A POLÍTICA DO SIGNIFICADO
A
política de um país reflete o modelo de sua cultura.
Isso parece óbvio, no entanto, quando vemos casos como
o da Indonésia percebemos que não é bem assim.
A
Indonésia, desde 1945 tem sido sucessivamente palco
de revolução, democracia parlamentar, guerra civil,
autocracia presidencial, assassinato em massa e denominação
militarista. Em meio a esta situação qual seria o modelo
de sua cultura?
Geertz
(1989, p. 144) descreve:
Por
maior que possa ter sido (ou não) a força dilacerante
dos massacres, a matriz conceptual dentro da
qual o país se vinha movimentando não pode ter
mudado radicalmente, se não por outro motivo,
porque ela está profundamente enraizada nas
realidades das estruturas social e econômica
indonésia, enquanto os massacres não estão.

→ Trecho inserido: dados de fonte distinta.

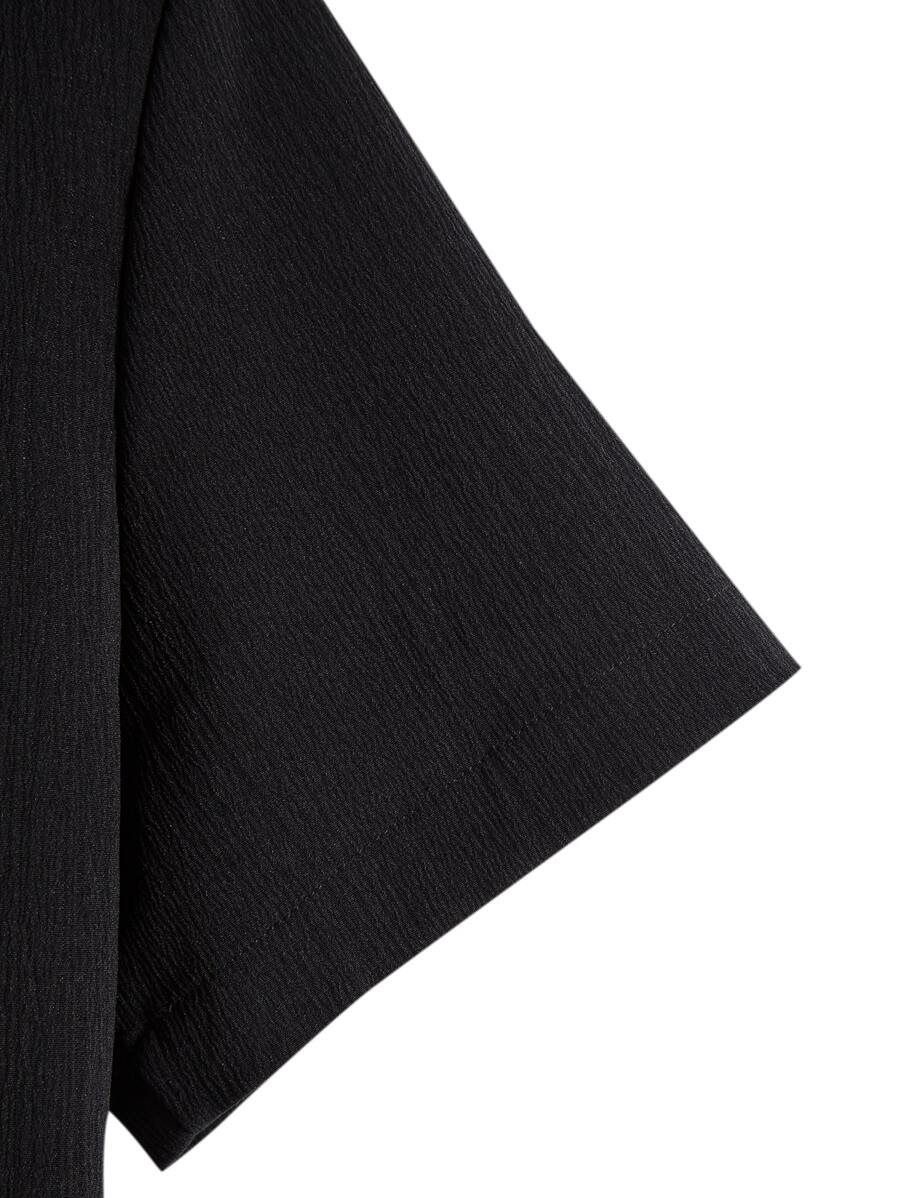 Men’s Grandad Collar Short Sleeve Shirt – Shirt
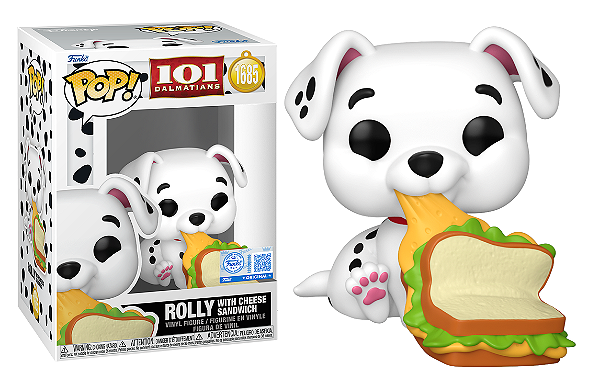 [#Pré-venda] - Funko Pop - Rolly with Cheese Sandwich Exclusivo - Disney 101 Dálmatas (1685)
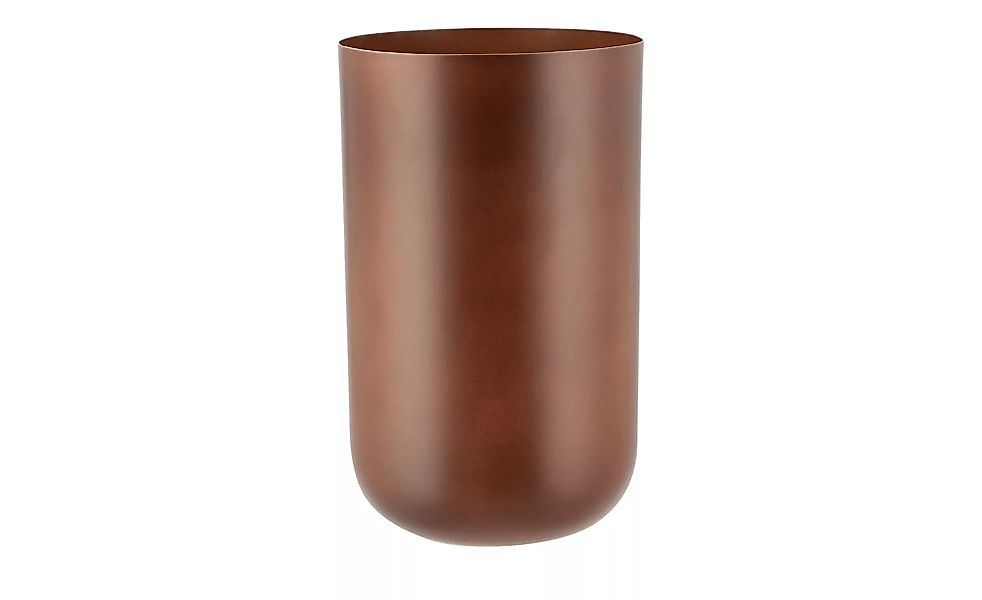Vase ¦ braun ¦ Metall ¦ Maße (cm): H: 20  Ø: 13 Accessoires > Vasen - Höffn günstig online kaufen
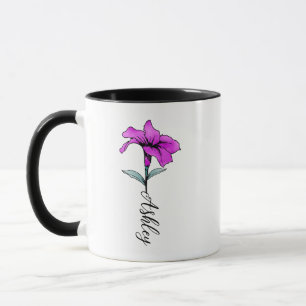 Mug Fleur Lit Rose Personnalisée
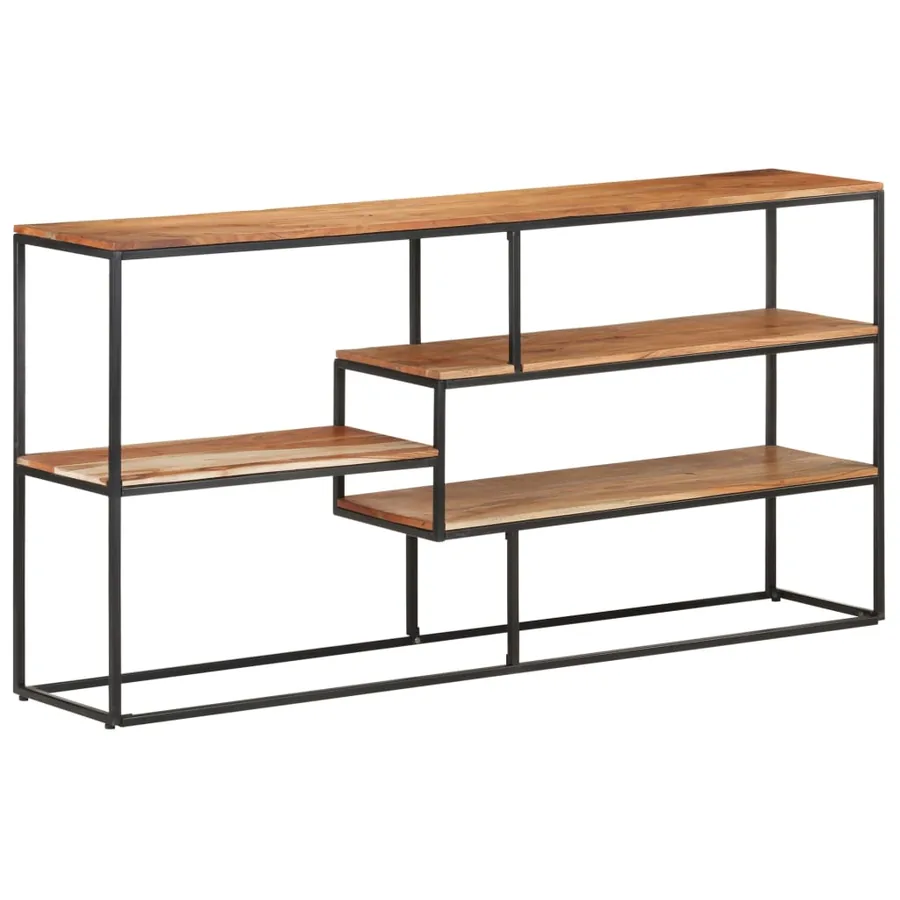 Buffet 150x30x75 cm Bois d'acacia solide - 8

Java ainda é terrivelmente superpovoada, a exportação
de produtos primários ainda é a principal fonte
de comércio exterior, ainda há tantas ilhas,
idiomas, religiões e grupos étnicos como sempre
houve (e até mais, agora que a Nova Guiné Ocidental
foi anexada) e as cidades continuam cheias de
intelectuais sem lugar, de negociantes sem capital,
e as aldeias de camponeses sem terra. |
Ainda
que o estado da mente dos indonésios seja diferente
por conta dos horrores, a sociedade e as estruturas
de significado que a informam continuam praticamente
as mesmas.
As
interpretações culturais da política que fazemos podem
ser poderosas na medida em que podem sobreviver intelectualmente
aos acontecimentos políticos. Isso acontece dependendo
do grau em que se encontra sociologicamente fundamentada.
Quando a sociedade e a política estão seguras de forma
conveniente, o que quer que ocorra apenas as reforça;
mas se não estiverem o que quer que ocorra as
explodirá.
Burckhardt
(apud GEERTZ, 1989, p. 145) registra:
Talvez
seja possível indicar muitos contrastes e graduações
entre as diferentes nações, mas não é dado à
percepção humana alcançar o equilíbrio do todo.
A verdade última, no que diz respeito ao caráter,
à consciência e à culpa de um povo, permanece
um segredo para sempre. Seus defeitos têm outro
lado, onde reaparecem como peculiaridade e até
mesmo como virtudes. Devemos deixar que ajam
como queira aqueles que encontram prazer em
censurar acremente nações inteiras. Os povos
da Europa podem maltratar, mas felizmente não
se julgam uns aos outros. Uma grande nação,
entretecida por suas realizações, sua prosperidade
com toda a vida do mundo moderno, pode dar-se
ao luxo de ignorar tanto os seus defensores
como seus acusadores. Ela continua a viver
com ou sem a aprovação dos teóricos.